Time, or Rhythm? Some (Visual) Thoughs on Jewish Liturgy

Over time, I have found that a useful way to discuss Jewish liturgy (or the complex array of liturgical and paraliturgical rituals found in Jewish communities across the global diaspora) is through visual means.

Here are some iPad-generated infographics. I created them long ago, and every time I review them, I end up questioning them in new ways. Consider them as “conversation starters,” rather than fully formed ideas…

1. Jewish liturgy: an ecosystem?

The Jewish Liturgical Ecosystem

As I review the idea that Jewish liturgy is like an ecosystem (aka, a complex network), I feel strongly that it is entirely based on time, and that text and music (or sound, or interpretation) come after. But, recently, I have started to wonder whether the foundation is better defined by rhythm than by time: the rhythm provided by the interpretation of nature, to begin with (sunset/sundown; the lunar cycle; the yearly cycle). [Note: not by nature, but by its (human) interpretation].

The Time/Text relationship in Jewish liturgy

2. A complex network of liturgical texts

The corpus of Jewish literature (mostly in Hebrew and Aramaic, but at times in other Jewish languages) is activated in the context of the liturgy. Here’s a quick (but really, really quick) summary/list.

The Texts of Jewish Liturgy

Please note that just as “Bible” is a network of texts, “Talmud” is a placeholder for a broader network of texts, and that texts like the Midrash are also part of the network. These networks are thus part of an ecosystem. See for example the visualization of the intertextual connections between the Bible and the Talmud provided by the awesome Sefaria:

Connections between Talmud and Tanakh | Sefaria Visualization

Then think that the interconnections between these texts and poetry are constantly activated in the context of the liturgy.

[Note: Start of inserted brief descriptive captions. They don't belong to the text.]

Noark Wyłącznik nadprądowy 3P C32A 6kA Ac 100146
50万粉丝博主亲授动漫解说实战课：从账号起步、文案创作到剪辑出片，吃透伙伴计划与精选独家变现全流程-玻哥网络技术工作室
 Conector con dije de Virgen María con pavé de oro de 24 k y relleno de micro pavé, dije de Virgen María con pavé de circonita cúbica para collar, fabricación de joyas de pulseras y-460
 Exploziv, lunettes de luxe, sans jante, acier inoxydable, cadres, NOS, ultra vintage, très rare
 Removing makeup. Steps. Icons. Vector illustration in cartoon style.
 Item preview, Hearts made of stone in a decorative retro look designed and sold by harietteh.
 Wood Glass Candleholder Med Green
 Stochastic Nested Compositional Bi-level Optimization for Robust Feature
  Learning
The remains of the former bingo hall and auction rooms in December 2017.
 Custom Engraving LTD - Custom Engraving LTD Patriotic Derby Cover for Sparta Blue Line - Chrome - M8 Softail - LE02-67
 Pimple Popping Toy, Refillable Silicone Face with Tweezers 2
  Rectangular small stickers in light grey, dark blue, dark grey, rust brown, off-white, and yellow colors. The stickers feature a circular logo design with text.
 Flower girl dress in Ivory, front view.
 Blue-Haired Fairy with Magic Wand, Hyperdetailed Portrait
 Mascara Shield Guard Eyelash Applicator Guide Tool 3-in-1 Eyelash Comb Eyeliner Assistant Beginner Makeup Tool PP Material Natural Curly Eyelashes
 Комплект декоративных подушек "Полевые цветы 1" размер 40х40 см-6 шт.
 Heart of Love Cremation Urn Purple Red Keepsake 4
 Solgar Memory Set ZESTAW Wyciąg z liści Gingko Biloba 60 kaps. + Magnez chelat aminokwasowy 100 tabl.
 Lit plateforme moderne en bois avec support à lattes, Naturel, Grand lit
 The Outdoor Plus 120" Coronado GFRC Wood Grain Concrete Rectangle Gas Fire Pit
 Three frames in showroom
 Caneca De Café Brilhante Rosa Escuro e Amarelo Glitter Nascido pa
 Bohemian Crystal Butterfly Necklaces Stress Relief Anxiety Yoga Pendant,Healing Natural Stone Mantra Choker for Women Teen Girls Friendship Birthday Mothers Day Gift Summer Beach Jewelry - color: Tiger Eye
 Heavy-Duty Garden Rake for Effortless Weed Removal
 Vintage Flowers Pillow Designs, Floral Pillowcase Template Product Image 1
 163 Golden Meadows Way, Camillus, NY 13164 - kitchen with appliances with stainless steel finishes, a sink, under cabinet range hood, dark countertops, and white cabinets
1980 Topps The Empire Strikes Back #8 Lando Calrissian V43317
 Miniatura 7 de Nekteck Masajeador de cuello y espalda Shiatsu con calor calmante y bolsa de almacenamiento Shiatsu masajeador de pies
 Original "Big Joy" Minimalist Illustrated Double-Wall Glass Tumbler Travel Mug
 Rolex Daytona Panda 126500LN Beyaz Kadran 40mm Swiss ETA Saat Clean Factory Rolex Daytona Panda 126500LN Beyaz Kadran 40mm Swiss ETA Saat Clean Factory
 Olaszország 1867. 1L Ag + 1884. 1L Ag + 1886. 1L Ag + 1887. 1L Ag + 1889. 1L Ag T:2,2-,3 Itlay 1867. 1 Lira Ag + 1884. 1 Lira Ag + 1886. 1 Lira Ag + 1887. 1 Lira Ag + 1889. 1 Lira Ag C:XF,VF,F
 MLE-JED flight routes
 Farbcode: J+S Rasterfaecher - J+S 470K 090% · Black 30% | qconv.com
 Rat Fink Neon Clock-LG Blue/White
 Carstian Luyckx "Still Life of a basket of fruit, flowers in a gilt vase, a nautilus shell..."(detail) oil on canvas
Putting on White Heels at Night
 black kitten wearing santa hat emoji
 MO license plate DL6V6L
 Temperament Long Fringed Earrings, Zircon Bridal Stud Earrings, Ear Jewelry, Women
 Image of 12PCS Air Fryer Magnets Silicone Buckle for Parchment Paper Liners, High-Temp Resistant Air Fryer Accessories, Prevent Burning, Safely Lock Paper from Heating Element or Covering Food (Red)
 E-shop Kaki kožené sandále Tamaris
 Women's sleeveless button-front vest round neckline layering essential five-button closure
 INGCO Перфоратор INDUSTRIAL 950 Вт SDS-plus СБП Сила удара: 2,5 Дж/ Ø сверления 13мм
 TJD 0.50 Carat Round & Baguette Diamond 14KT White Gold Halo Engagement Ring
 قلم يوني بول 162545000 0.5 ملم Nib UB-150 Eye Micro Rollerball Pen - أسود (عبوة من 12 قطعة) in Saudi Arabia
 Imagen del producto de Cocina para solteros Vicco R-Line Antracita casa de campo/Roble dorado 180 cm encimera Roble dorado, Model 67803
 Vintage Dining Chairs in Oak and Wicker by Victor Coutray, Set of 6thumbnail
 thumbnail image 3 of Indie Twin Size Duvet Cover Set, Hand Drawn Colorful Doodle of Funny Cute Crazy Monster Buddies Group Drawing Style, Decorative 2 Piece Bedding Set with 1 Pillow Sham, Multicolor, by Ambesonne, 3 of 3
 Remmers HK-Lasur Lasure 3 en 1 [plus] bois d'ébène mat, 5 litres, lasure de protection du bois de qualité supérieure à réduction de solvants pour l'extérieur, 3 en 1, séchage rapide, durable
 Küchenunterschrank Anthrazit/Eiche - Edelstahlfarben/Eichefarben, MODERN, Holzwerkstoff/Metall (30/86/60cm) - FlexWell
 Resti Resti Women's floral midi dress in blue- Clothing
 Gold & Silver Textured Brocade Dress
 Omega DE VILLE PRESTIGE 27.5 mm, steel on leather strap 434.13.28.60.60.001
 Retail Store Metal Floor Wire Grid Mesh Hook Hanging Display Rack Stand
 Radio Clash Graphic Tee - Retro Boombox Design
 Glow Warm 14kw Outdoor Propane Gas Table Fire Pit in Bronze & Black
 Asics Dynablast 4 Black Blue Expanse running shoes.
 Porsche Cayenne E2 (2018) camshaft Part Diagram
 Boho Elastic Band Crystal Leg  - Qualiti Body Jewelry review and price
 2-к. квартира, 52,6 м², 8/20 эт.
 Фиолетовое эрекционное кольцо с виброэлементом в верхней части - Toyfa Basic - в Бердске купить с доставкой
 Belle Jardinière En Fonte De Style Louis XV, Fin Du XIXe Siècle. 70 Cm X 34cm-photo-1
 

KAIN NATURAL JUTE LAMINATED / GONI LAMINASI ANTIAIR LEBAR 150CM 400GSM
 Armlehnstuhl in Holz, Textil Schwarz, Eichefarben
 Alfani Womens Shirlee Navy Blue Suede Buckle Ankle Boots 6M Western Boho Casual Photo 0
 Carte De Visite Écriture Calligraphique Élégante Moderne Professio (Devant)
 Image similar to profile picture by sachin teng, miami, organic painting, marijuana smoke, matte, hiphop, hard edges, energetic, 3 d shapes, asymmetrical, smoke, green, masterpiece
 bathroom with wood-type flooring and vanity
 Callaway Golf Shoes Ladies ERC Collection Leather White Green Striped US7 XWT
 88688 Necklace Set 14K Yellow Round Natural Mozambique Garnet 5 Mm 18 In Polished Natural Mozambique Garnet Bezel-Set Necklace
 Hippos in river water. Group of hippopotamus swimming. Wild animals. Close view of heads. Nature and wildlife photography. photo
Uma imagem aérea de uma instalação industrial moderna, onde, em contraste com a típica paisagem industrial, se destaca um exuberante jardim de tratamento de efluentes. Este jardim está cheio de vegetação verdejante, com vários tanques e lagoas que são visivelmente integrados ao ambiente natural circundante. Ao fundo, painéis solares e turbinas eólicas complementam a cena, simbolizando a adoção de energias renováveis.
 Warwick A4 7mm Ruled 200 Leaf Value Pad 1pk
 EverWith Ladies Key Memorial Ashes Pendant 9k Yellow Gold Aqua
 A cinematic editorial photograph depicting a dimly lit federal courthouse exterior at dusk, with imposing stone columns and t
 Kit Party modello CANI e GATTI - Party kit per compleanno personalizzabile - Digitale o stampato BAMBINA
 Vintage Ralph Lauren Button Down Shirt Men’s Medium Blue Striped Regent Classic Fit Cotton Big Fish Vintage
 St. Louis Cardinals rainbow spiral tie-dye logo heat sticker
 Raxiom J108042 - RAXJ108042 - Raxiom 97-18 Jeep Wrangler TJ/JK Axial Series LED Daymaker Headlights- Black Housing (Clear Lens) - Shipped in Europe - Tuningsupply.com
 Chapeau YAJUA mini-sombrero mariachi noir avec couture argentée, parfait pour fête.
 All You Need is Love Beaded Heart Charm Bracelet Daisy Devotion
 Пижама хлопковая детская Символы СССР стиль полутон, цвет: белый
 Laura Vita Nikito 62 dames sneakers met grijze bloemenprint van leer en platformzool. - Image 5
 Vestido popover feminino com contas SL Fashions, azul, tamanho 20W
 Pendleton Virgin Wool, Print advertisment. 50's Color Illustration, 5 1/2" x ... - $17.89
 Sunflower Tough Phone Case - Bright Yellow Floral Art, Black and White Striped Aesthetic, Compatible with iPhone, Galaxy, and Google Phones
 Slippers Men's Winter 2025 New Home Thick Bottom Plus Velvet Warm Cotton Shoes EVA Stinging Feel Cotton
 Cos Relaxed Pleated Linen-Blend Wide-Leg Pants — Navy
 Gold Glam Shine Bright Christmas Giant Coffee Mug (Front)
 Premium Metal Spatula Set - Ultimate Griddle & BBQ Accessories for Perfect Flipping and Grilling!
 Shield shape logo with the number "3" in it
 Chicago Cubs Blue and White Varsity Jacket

In analyzing the first stanza of the liturgical poem, Lekhah dodi:

Hebrew
שָׁמוֹר וְזָכוֹר בְּדִבּוּר אֶחָד
הִשְׁמִיעָנוּ אֵל הַמְּיֻחָד

Hebrew transliteration
shemor ve-zakhor be-dibur echad
hishmi’anu el ha-meyuchad

English translation
‘protect’ and ‘rember’– in one utterance
the unique god let us hear

Abraham Z. Idelsohn (Jewish Liturgy X:128-129; please note that this is our textbook) highlights the intertextual connections of the text, thus uncovering the textual network it activates, and at the same time points to the wide variety of its musical renditions across the diaspora:

“Come, my friend, to meet the bride…” — Lecha dodi — is a poem by Solomon Alkabetz (1505-diest after 1572); he was the brother-in-law of Moses Cordovero, lived in Safed, and was encouraged by Isaac Luria to compose this poem about 1571 (Hemdath Yamim, Leghorn, 1763, I, 41; Seder Hayyom, l.c.).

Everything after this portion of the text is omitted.